A Clear Path For The Release Of Radiation
U.S. nuclear experts say the gravest threat comes not from the radioactive fuel inside the plant's reactors but from the pools containing used fuel rods. High radiation levels released from reactor No. 3 Wednesday halted workers' efforts to add water into the cooling ponds in reactor No. 4.
"Probably the biggest concern is the spent fuel pools, because there is a clear pathway for the release of radionuclides [radioactive material] into the environment," says Lyman of the Union of Concerned Scientists.
The storage pools are on an upper floor of the reactor building and are not shielded within heavy containment barriers, as nuclear reactors are. Lyman said the situation in reactor No. 4 is especially hazardous.
"The danger with spent fuel is that if the water level decreases and there's an increase in temperature, then the spent fuel in the pool can reach a condition not unlike reactor meltdown," Lyman said.
Because of explosions and fires in the buildings that house the No. 3 and 4 reactors, their spent fuel pools "are essentially open to the air," he says.
Much of the water that is supposed to cover the stored fuel rods — both to keep them from reaching a melting point and to buffer their radioactivity — has boiled away in the past few days, as circulating pumps failed, backup power was lost, and equipment was damaged by explosion and fire.
Meanwhile, radioactive gases released from the power plant have caused radiation levels to increase as far away as Tokyo — although authorities say the levels are not a threat to public health.
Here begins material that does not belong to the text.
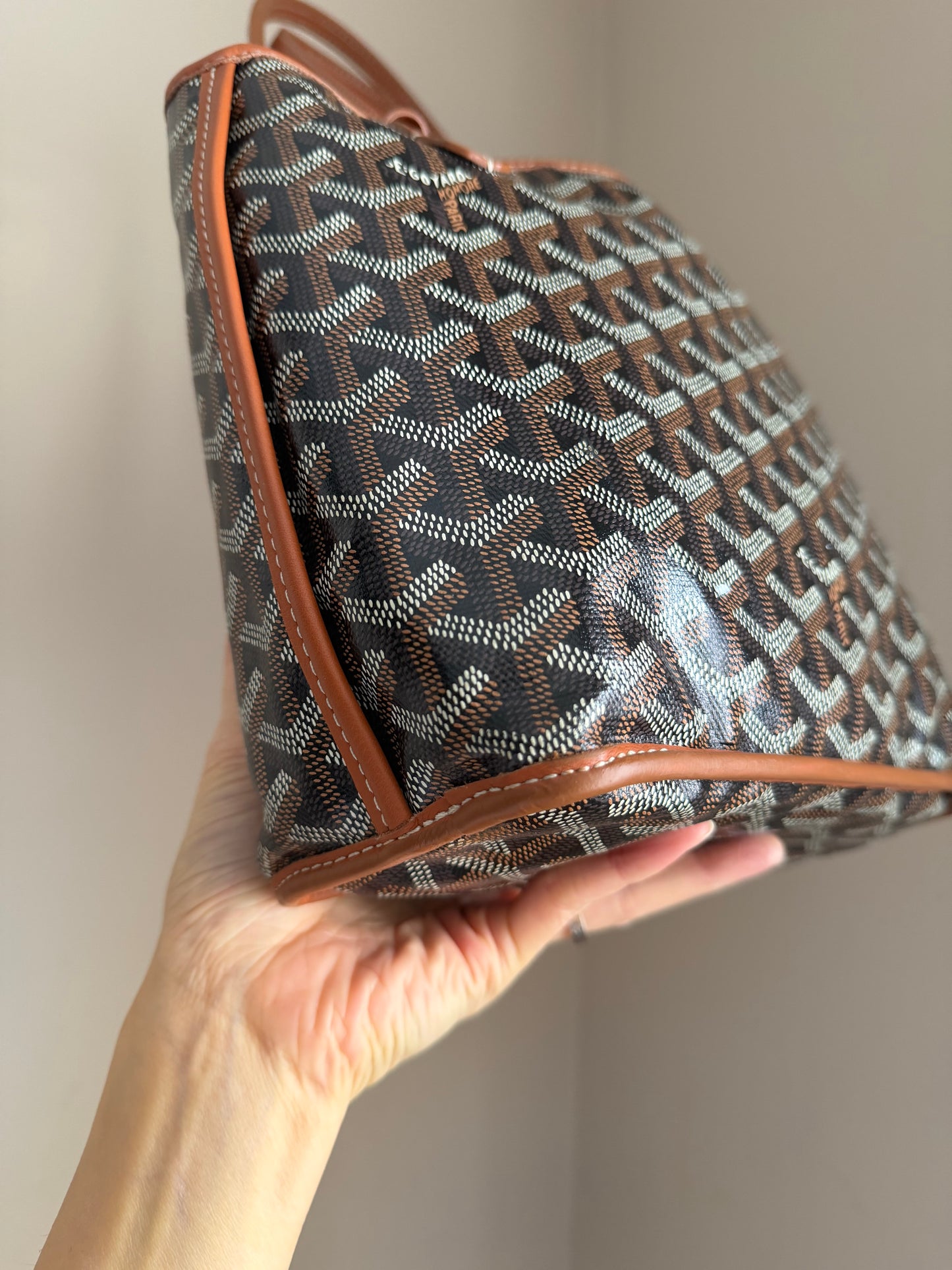 ❗️SOLD❗️ Mini Anjou brown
More troubling is an increase in radiation levels in Ibaraki prefecture, just south of Fukushima prefecture, where the power plant is based. Levels in Ibaraki rose to around 30 times the usual background rate. While this may pose no immediate danger to people, experts say, it was measured outside the 12-mile evacuation radius.
U.S. regulators recommend a 50-mile evacuation zone in the event of a similarly serious nuclear power accident.